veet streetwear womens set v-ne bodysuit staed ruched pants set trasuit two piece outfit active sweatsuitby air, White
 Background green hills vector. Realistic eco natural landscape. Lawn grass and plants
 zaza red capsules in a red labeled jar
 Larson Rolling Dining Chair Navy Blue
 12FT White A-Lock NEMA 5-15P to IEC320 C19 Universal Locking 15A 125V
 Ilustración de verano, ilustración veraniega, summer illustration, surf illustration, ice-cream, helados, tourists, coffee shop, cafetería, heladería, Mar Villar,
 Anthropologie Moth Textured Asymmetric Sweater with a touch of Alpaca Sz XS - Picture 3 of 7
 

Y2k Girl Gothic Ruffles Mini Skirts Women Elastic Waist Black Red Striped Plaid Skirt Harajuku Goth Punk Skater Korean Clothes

--- --- ---

> WHAT YOU SHOULD DO
Whenever the word "White" appears in a line of the data above, that line counts. Say how many lines count, and nothing more.

> REPLY
2